CONCLUSIONS: The number and rate of pediatric inflatable bouncer–related injuries have increased rapidly in recent years. This increase, along with similarities to trampoline-related injuries, underscores the need for guidelines for safer bouncer usage and improvements in bouncer design to prevent these injuries among children.
- bounce houses
- emergency department
- inflatable amusements
- inflatable bouncers
- CHI —
- closed head injury
- CI —
- confidence interval
- CPSC —
- Consumer Product Safety Commission
- ED —
- emergency department
- NEISS —
- National Electronic Injury Surveillance System
- RR —
- relative risk
What’s Known on This Subject:
A previous study of inflatable bouncer–related fractures has shown that upper extremity fractures are most common, and many fractures are caused by collisions; however, no study has examined nonfracture injuries or used nationally representative data to investigate inflatable bouncer–related injuries.
What This Study Adds:
This is the first study to use nationally representative data to calculate national injury rates, assess risk factors, and examine trends for pediatric inflatable bouncer–related injuries treated in US emergency departments over a 21-year period (1990–2010).
Inflatable bouncers, such as bounce houses and moonwalks, have become a common source of entertainment for children.1 Despite their popularity, recent media reports of individual incidents,2 non-US case studies and reports,3–8 and a US study investigating pediatric inflatable bouncer–related fractures1 raise concerns about the safety of these devices.
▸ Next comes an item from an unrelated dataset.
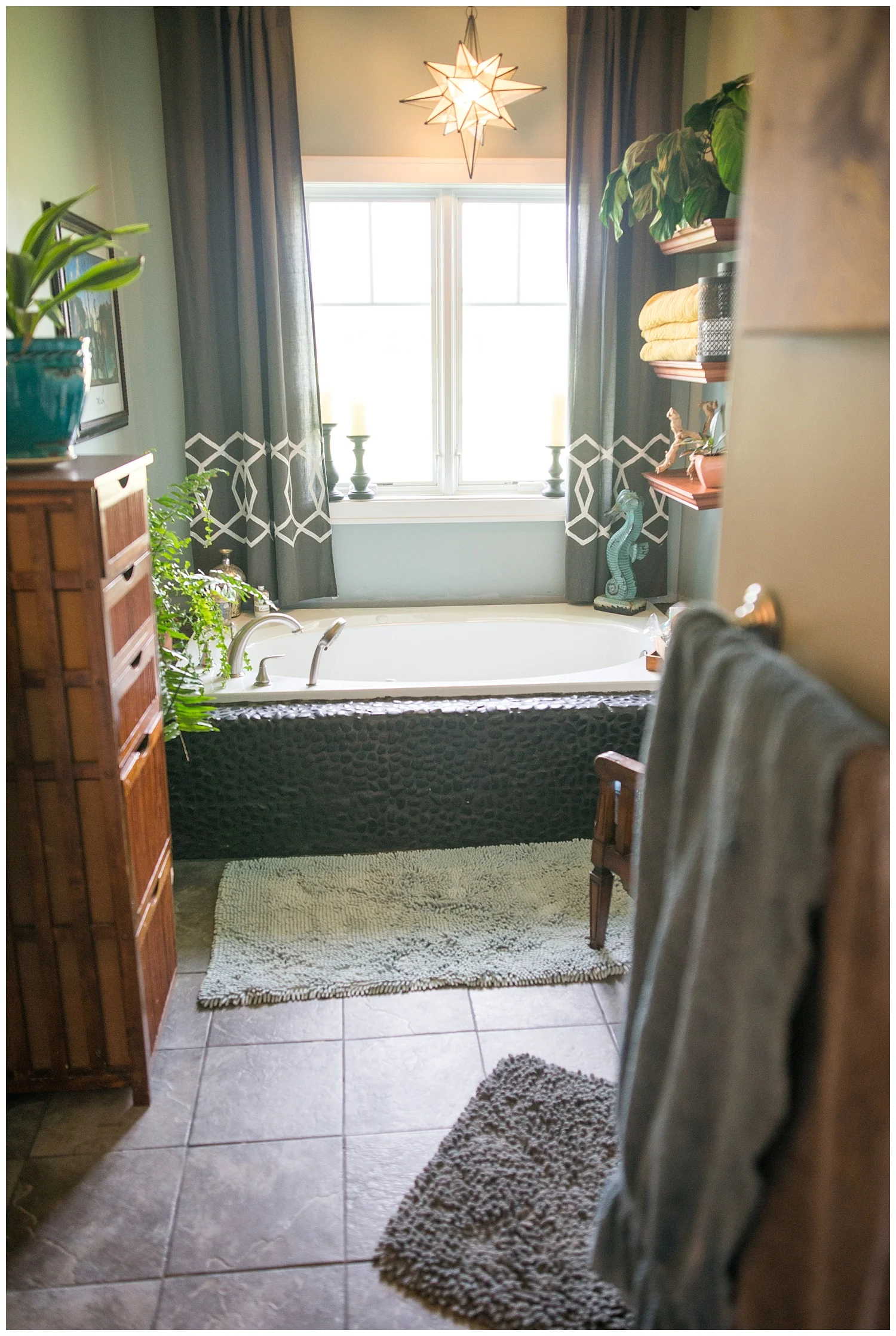 I had no idea this spa-like en suite existed until we did this photo shoot. Pretty sure I could live out my days in just her bedroom and bathroom. That fabulous black rock tub? They did it themselves. These two are legit DIYers.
Relatively little is known about the epidemiology of inflatable bouncer–related injuries in the United States. US Consumer Product Safety Commission (CPSC) reports have analyzed inflatable amusement injuries by using data from the National Electronic Injury Surveillance System (NEISS).9–15 A 2009 CPSC report estimated that 31 069 inflatable amusement-related injuries were treated in US emergency departments (EDs) from 2003 to 2007.15 However, only 1 peer-reviewed study has examined inflatable bouncer–related injuries in the United States, and it focused only on fractures and was limited to 49 patients treated in a single urban ED over an ∼4.5-year period.1 Although authors have drawn parallels between trampoline-related and inflatable bouncer–related injuries,1,16 bouncers have escaped the attention garnered by trampolines in the medical literature17–21 and public policy arena.22–24
This study is the first to use nationally representative data to calculate national injury rates, assess injury characteristics, and examine trends for all types of pediatric inflatable bouncer–related injuries treated in US EDs.
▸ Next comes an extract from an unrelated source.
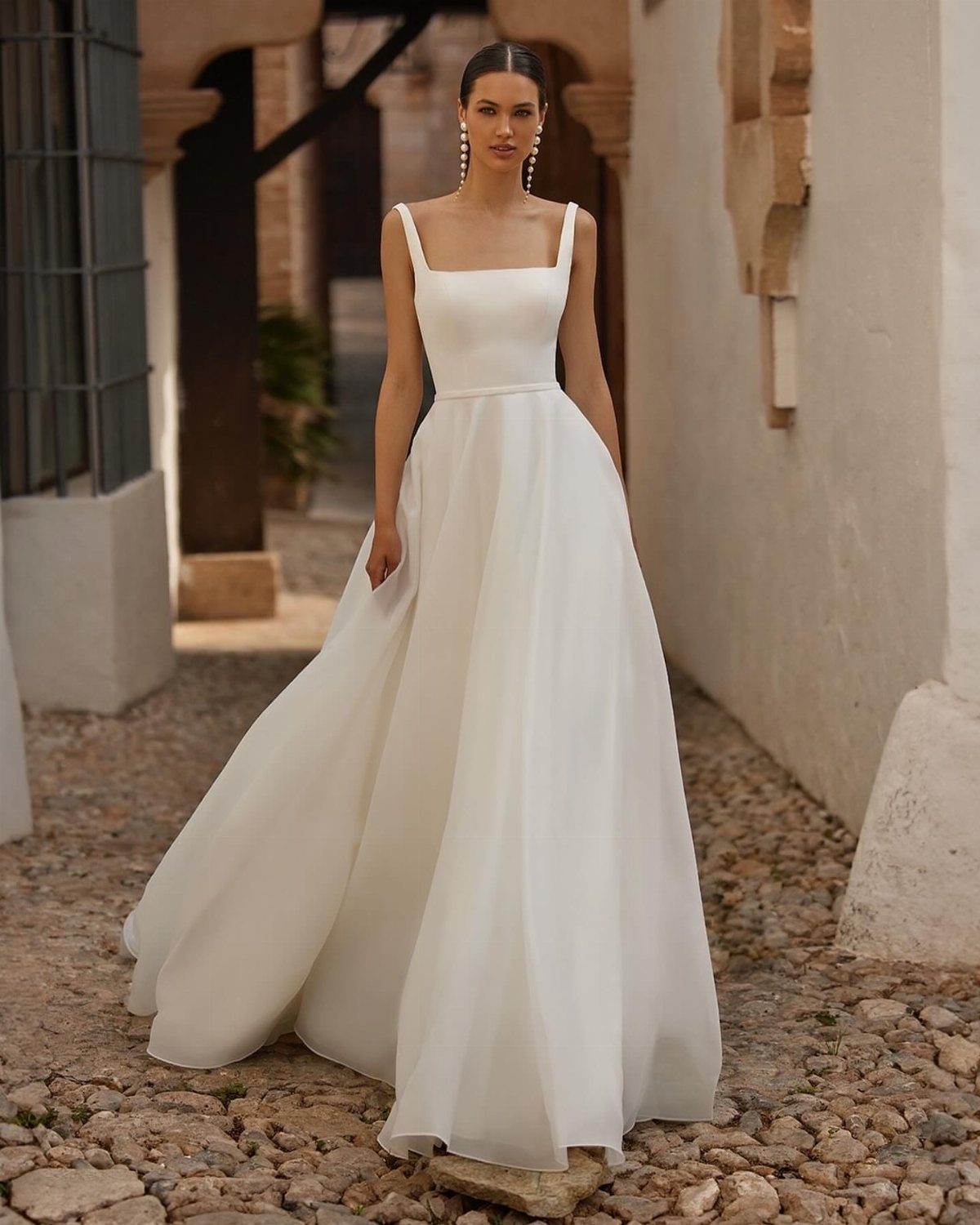 Wedding Outfit for Europe: 6 Ideas for 2026 Ceremonies Abroad 1 A woman in a white satin wedding gown standing on a cobblestone path outdoors.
The NEISS is a nationally representative stratified probability sample maintained by the CPSC, consisting of ∼100 hospital EDs in the United States and its territories. Collected data include product codes, demographic characteristics, injury diagnosis, body region injured, disposition from the ED, location of the injury event, and a short narrative describing injury event circumstances.25
Case Selection Criteria
Data for cases with NEISS codes 3219 (“other playground equipment”) or 1293 (“amusement attractions, including rides”) were obtained for children ≤17 years old for 1990 to 2010. The narratives of these 12 317 cases were reviewed to identify those meeting our study inclusion criteria.26,27
Cases involving inflatable jumping amusement devices, such as moonwalks and bounce houses, were included. A small number of cases, which involved inflatable slides attached to bouncers, inflatable obstacle courses, or inflatable playground equipment, were also included. Jumping castles and houses were included because Internet searches identified these terms as synonyms for inflatable bouncers. Similarly, products described as playground and party jumpers and bouncers were included even when they were not explicitly described as inflatable. Although jumpers or bouncers could refer to noninflatable jumping products, such as baby jumpers, baby bouncers, or trampolines, these potentially confounding products are classified under other NEISS product codes not reviewed by our study.26 In addition, Internet research confirmed that jumpers and bouncers were usually inflatable jumping products. Noninflatable playground equipment–related and amusement ride–related injuries were excluded. Cases with ambiguous descriptions, such as “amusement house” or “ride,” were excluded. Inflatable slides not specified as attached to bouncers were also excluded. In addition, inflatable climbing walls, games, mazes, and boxing rings were excluded because jumping is not the intended use of these inflatable products. Injuries occurring exclusively outside of the bouncer and cases citing heat exhaustion or a seizure were also excluded.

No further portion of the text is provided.